Once the line holding "Friends in matching" is found in the entries below, transcribe exactly every line up to and including the one holding "Горшок для цветов", but leave out the pictures.

START MATERIAL PROVIDED

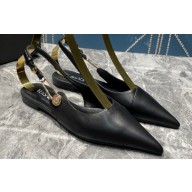 Versace Leather Safety Pin Slingback Flats Black 2023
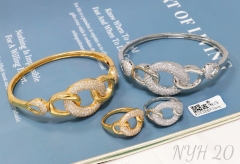 Bracelet Ring Silver Gold Irregular Set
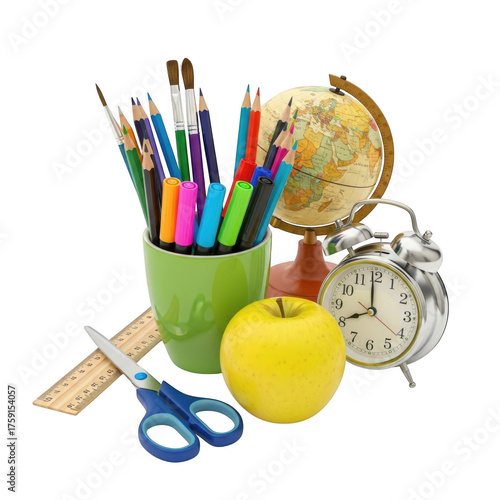 Illustration of school supplies with globe and clock isolated on transparent background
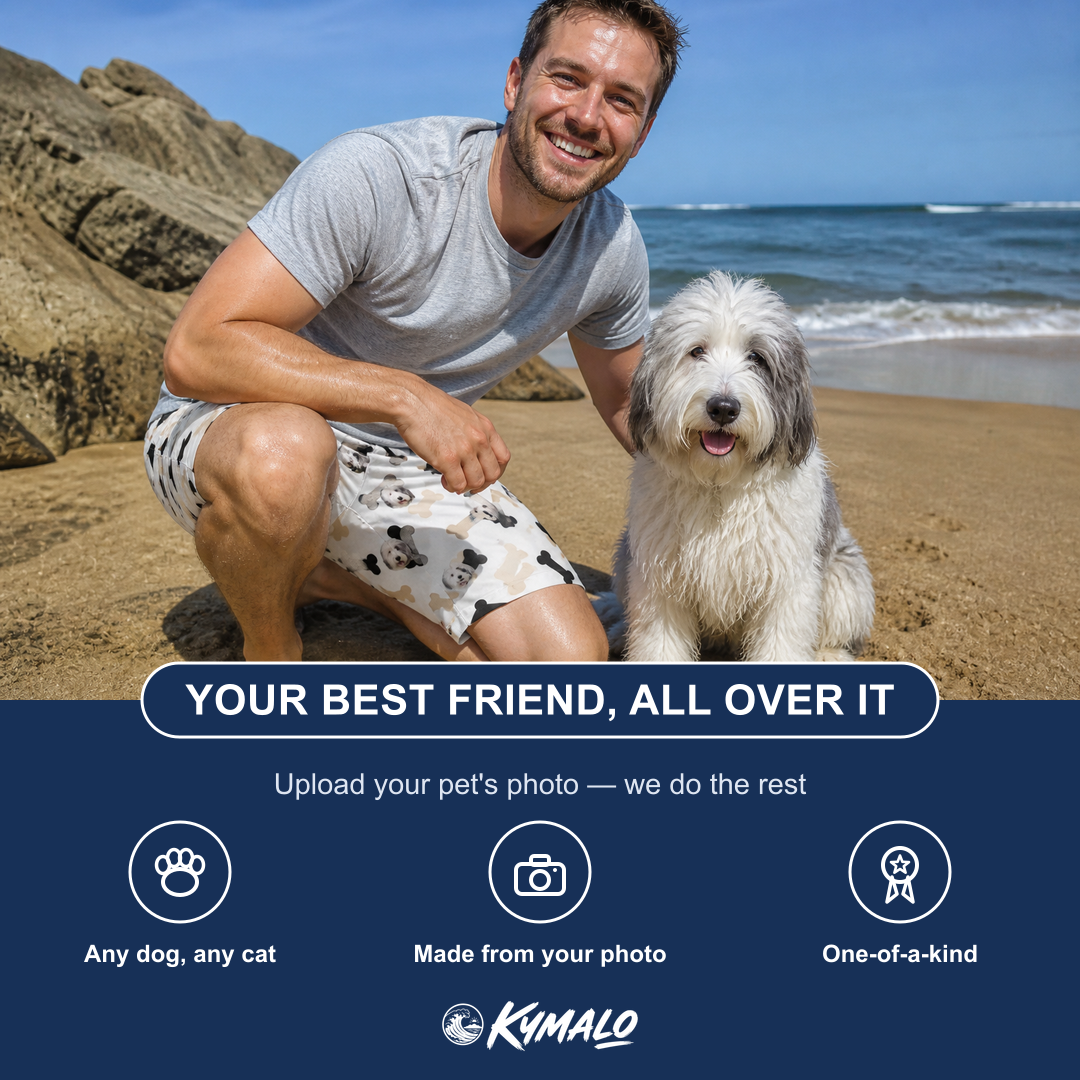 Friends in matching Men's Biscuit Bark Custom Dog Face Beach Shorts — a group gift photo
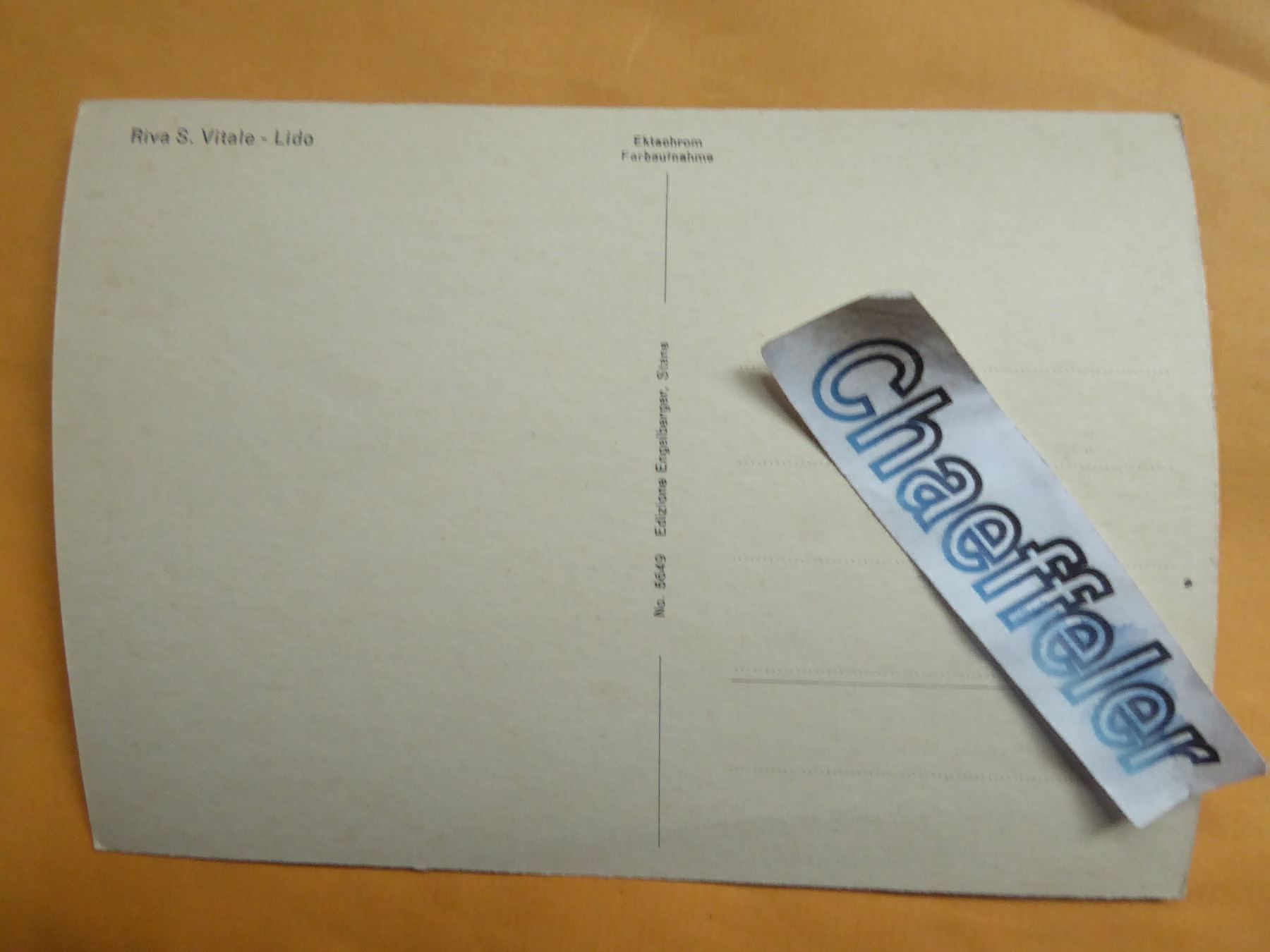 Cartoline postali: Riva  S. Vitale - Lido – Usato da Zürich venduto da Chaeffeler 1
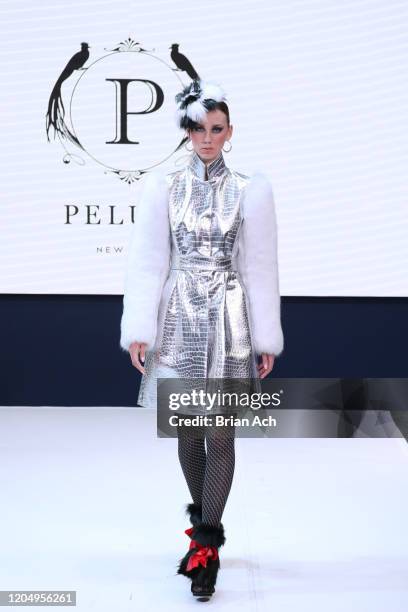 Model walks the runway wearing Pelush Luxury Faux Furs during NYFW Powered By hiTechMODA on February 08, 2020 in New York City.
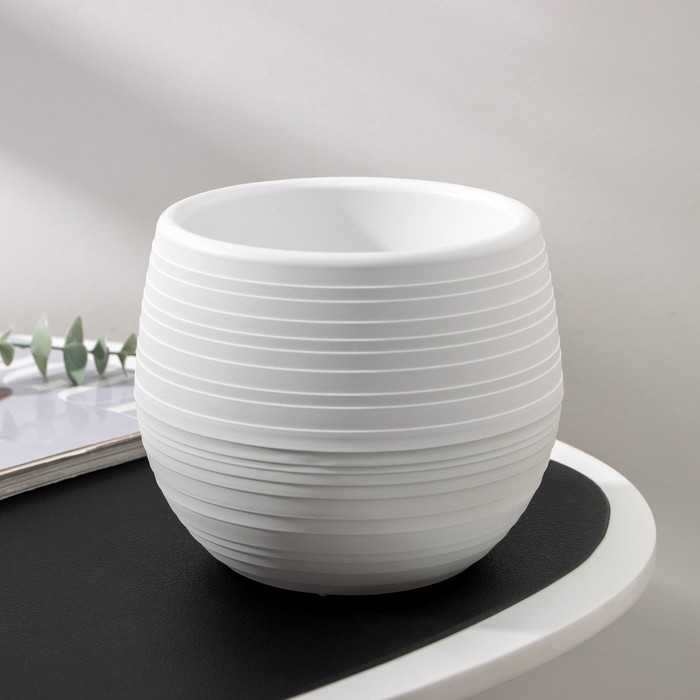 Горшок для цветов с поддоном «Япония» 1.2 л, пластиковый, белый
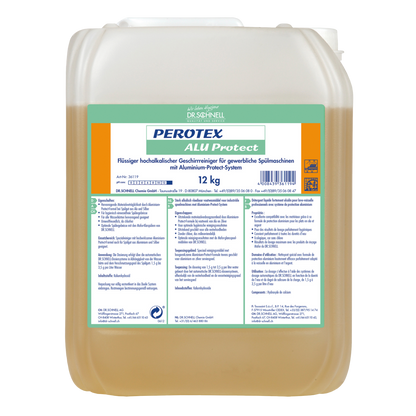 Ein 12-kg-Kunststoffbehälter mit dem Geschirrspülmittel Dr. Schnell PEROTEX ALU PROTECT für gewerbliche Maschinen der DR.SCHNELL GmbH & Co. KGaA, beschriftet in deutscher Sprache mit Produktinfos und Hinweisen zum Korrosionsschutz von Aluminium, gefüllt mit gelblicher Flüssigkeit.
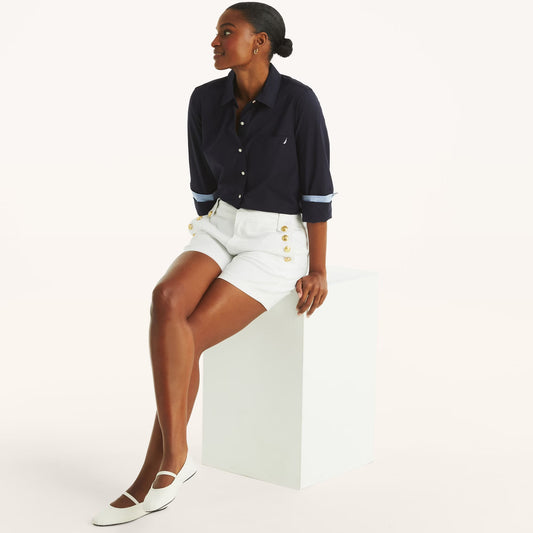 Camisa manga larga unicolor con logo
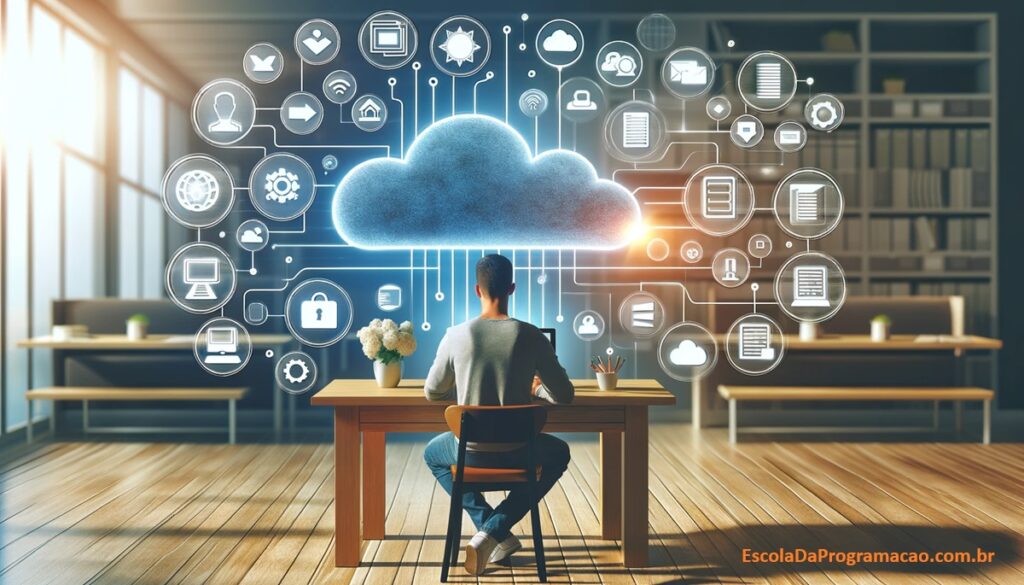 Pessoa explorando Cloud Computing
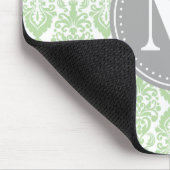 Damask in Mint Green Grey Monogram Mousepad (Ecke)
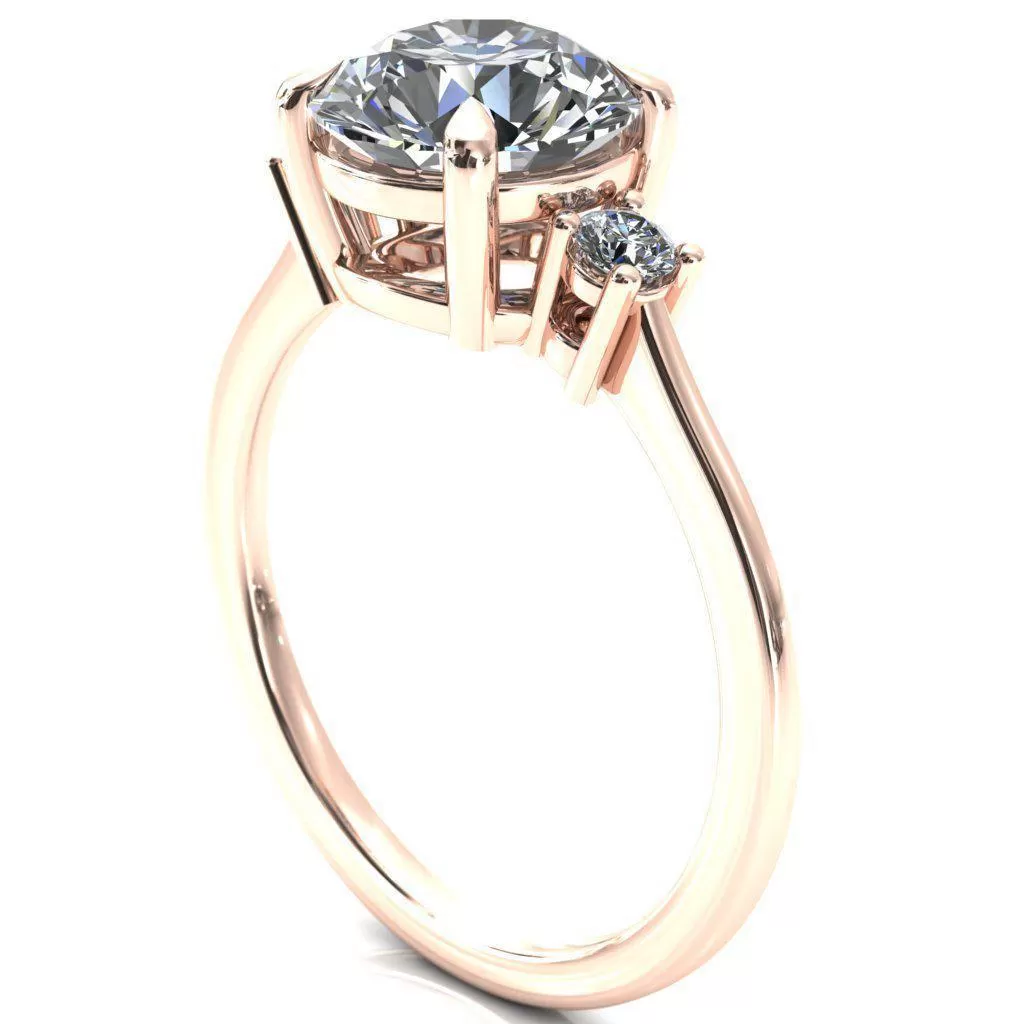 Poppy Round Lab-Grown Diamond Center Stone 4 Claw Prong 2 Rail Basket Round Sidestones Inverted Cathedral Engagement Ring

END MATERIAL PROVIDED

● YOUR SOLUTION:
 Friends in matching Men's Biscuit Bark Custom Dog Face Beach Shorts — a group gift photo
 Cartoline postali: Riva  S. Vitale - Lido – Usato da Zürich venduto da Chaeffeler 1
 Model walks the runway wearing Pelush Luxury Faux Furs during NYFW Powered By hiTechMODA on February 08, 2020 in New York City.
 Горшок для цветов с поддоном «Япония» 1.2 л, пластиковый, белый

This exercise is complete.